I want us to deal with another aspect of idling for ministers, this time using other examples.
Paul was a very active minister
To imagine that after being stoned to death and revived by
prayer he, instead of taking a well-deserved rest to recuperate, simply moves
to another place preach the Gospel for which he had been stoned!
I therefore suspect that it was impossible to hold such a
person down, even for God.
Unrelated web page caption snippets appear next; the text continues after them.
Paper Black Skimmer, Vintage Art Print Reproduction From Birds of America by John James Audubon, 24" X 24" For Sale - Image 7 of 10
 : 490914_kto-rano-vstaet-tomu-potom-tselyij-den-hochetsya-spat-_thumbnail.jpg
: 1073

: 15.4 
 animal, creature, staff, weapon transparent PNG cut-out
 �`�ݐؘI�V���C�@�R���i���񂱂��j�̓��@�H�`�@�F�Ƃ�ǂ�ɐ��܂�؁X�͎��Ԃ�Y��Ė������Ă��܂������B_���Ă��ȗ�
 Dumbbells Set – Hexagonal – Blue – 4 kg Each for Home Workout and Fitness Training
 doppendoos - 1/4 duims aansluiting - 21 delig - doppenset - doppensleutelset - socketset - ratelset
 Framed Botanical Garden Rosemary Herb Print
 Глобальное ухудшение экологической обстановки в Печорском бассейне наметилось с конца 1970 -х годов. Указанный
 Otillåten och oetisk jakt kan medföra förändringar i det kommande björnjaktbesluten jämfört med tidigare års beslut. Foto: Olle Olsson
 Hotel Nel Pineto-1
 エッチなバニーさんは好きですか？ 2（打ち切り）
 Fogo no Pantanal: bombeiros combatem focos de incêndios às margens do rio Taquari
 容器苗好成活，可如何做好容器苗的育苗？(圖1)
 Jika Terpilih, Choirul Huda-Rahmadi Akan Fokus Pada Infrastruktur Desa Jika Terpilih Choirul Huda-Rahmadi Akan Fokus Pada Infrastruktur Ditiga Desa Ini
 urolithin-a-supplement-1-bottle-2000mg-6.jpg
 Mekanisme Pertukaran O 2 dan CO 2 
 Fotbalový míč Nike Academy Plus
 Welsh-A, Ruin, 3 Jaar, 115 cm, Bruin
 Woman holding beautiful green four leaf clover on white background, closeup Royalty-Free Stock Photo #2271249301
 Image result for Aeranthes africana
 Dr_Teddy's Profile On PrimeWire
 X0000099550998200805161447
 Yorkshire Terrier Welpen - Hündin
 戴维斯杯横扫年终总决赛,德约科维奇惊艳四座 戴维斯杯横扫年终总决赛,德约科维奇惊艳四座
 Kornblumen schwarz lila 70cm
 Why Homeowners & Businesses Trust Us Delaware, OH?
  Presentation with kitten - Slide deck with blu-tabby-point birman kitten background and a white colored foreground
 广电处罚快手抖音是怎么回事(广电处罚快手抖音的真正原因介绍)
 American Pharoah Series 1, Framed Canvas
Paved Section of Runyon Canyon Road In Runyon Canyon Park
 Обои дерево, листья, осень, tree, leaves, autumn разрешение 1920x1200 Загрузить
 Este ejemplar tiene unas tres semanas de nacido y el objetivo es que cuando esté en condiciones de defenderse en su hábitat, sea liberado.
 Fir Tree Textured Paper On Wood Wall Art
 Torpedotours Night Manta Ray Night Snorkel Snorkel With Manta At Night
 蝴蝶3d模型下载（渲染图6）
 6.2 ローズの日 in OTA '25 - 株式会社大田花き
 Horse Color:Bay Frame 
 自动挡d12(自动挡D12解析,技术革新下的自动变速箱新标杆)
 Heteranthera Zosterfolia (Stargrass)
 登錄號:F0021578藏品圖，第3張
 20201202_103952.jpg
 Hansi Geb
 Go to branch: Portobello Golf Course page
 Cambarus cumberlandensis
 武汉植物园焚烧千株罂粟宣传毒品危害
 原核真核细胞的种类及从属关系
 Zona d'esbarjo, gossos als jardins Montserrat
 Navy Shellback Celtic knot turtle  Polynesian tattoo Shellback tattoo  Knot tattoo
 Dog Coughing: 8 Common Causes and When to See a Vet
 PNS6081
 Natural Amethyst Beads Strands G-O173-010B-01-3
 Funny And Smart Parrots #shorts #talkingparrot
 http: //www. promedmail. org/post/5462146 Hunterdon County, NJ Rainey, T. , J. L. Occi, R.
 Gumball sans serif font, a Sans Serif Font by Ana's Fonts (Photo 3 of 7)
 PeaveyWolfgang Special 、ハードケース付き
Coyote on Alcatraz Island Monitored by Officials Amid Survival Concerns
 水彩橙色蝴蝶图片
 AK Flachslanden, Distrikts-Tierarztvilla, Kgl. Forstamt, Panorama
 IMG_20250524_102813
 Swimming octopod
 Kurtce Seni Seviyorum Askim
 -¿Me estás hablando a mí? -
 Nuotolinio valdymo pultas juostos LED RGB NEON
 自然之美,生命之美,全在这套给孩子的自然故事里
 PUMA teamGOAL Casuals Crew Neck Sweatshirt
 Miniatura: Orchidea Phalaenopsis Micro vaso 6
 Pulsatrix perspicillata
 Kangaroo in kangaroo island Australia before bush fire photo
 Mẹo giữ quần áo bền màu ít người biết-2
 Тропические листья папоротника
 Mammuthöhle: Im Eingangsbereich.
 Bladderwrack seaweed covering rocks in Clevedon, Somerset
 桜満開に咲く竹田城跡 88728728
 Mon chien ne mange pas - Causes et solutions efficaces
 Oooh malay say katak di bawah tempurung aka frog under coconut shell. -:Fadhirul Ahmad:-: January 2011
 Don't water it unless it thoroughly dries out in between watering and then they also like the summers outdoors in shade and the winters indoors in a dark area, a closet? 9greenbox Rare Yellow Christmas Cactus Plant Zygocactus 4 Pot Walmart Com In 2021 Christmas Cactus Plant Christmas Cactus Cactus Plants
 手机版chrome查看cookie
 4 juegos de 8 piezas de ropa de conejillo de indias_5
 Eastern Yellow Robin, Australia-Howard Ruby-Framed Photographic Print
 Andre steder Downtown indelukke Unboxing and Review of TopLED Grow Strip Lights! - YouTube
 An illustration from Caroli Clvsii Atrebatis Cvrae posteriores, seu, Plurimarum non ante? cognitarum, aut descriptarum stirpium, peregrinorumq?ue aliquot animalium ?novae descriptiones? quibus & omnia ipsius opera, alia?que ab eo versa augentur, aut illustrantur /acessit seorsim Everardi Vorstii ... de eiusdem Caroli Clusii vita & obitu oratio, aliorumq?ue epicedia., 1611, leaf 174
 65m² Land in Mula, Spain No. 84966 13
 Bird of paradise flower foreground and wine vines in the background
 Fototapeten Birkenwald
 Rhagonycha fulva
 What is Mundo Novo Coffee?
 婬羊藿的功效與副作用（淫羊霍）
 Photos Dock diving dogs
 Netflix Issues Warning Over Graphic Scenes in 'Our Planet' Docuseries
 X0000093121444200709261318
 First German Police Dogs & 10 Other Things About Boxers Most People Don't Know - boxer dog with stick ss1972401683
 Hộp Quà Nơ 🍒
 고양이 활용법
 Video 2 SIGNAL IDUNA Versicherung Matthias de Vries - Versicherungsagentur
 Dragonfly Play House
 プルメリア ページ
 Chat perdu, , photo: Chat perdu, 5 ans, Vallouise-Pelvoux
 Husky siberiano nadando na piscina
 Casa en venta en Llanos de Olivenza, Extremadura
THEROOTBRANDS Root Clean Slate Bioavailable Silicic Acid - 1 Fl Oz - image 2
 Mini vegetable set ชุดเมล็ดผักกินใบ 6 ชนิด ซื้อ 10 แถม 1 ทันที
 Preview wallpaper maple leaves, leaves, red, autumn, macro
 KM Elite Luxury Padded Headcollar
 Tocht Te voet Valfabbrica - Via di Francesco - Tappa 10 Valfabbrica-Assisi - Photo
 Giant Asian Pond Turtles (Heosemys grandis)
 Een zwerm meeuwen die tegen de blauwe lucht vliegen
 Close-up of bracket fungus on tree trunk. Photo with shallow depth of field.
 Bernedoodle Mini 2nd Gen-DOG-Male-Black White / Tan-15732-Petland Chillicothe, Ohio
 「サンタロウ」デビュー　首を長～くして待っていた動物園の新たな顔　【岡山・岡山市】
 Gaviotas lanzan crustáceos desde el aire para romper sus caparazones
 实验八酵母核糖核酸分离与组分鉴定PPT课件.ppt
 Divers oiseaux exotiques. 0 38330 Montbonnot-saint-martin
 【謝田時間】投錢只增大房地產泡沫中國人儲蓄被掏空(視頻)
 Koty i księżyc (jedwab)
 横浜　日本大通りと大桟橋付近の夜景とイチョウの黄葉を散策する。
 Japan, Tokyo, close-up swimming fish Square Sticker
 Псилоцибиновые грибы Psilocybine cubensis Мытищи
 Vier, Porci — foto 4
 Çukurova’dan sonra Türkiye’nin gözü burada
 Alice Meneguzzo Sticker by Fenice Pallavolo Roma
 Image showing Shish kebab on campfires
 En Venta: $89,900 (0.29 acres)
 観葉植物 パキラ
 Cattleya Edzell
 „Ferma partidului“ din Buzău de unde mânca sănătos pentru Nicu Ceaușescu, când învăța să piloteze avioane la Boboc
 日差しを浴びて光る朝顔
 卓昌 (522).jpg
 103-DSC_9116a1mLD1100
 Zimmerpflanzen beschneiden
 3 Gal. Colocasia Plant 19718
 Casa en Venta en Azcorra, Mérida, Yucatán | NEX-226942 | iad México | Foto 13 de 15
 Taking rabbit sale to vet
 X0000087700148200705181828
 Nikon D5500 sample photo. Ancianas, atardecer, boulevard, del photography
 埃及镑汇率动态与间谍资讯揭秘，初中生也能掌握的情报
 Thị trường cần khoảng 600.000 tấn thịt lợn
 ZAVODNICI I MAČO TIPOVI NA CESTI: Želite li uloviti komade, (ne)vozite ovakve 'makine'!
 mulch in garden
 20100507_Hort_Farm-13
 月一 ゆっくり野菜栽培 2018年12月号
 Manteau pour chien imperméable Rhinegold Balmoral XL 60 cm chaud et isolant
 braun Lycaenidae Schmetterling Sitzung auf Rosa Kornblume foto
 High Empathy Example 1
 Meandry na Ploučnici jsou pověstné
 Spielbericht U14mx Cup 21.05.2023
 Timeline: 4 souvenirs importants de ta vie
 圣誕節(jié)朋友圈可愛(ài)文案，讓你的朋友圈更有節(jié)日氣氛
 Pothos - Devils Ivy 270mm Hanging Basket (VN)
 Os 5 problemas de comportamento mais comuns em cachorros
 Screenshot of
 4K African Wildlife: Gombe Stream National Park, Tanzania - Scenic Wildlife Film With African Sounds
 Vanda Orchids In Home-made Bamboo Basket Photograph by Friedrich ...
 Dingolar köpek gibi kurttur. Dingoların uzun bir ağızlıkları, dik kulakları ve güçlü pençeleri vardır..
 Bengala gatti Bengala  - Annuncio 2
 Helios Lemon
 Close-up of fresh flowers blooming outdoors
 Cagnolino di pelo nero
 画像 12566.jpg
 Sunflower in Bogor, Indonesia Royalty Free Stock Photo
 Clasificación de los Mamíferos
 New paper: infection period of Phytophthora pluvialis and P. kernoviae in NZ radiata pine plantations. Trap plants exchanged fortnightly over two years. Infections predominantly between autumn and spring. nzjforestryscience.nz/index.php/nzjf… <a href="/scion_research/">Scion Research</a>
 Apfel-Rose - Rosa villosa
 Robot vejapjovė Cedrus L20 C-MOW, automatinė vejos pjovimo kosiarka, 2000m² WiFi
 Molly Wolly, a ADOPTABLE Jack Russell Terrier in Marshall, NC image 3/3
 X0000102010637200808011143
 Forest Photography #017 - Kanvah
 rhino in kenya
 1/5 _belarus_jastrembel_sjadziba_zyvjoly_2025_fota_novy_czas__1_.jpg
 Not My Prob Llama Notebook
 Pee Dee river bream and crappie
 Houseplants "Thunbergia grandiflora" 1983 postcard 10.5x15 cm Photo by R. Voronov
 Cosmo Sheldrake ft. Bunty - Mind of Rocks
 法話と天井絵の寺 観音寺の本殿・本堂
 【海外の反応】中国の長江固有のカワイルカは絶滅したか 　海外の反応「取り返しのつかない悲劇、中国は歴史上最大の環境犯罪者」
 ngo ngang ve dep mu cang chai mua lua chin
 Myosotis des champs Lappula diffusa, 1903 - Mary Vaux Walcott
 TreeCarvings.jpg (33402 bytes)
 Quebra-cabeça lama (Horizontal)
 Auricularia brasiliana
And this because he probably could never have heard
any voice telling him to rest.
What does God then do?
He orders him to Jerusalem where he was to face persecution.
Even that could not slow him down.
He is then arrested and rescued from a lynching mob by a
Roman general.
From then he becomes a guest of the Roman empire as a
prisoner.
Interesting enough there are no real charges on him, yet the
governor, hoping for a bribe from this man of God and pleasing the Jews in the
process, keeps him idle for a whole two years.
Was he in God’s will? Make a guess.
Then he is taken to Rome and continues his imprisonment for
another two years.
Four years of idleness is not a short time, especially as he
was under armed guard all the time. This means he could not have made any
movement without the express permission of the guards, some who were chained to
him.
You will argue that it was from that that he was able to
write these very encouraging letters we love.
But I do not think that is what Paul felt, being the action
man that the Bible paints him as. I am sure even the church in general did not
easily see it as God’s express will.
Yet it was.
Or what do you think God will do when we will not stop or
take a rest. What do you think He will do when our energy levels are too high
for our benefit?
I understand Paul’s situation because for the most part I am
someone with quite some energy.
Until very recently, sleep was for me a bother as I could
comfortably sleep adequately for two hours a day for a week or two without
feeling a thing. I could move from a mission to another, a preaching point to
another without needing even a tea break. I could travel for a whole day and
still be as fresh as someone who slept soundly the whole night when called to
minister.
Even now I struggle to slow down.
But a few years ago, God taught me this about Paul and I
learnt to slow down, not because I was feeling tired or worn out but because
God needed me to slow down.
I therefore do not feel guilty turning down a preaching
invitation since I can be able to accurately sense whether He needs me to go or
not as opposed to when turning down an invitation led me to guilt as my system
is not wired for being idle like Elijah was ordered to be.
I can comfortably turn down an editing or publishing
ministry opening because I can be able to know when God does not need me to be
busy on such matters.
I can stay at home the whole week or month without being
scared that people are going to hell because of my negligence.
Or, simply said, I can be comfortably idle on God’s orders.
Whereas Elijah was idle to be prepared for a new assignment,
Paul was idle, first to rest and second, to be released into a new dimension of
ministry.
I doubt Paul could have written much had he continued ministry
the way we read. He needed to be made an idler for that to happen.
And it is possible for God to make you such for His
purposes.
Do you think John could have written the book of Revelation
if he was comfortably in Jerusalem?
He needed banishment to experience that.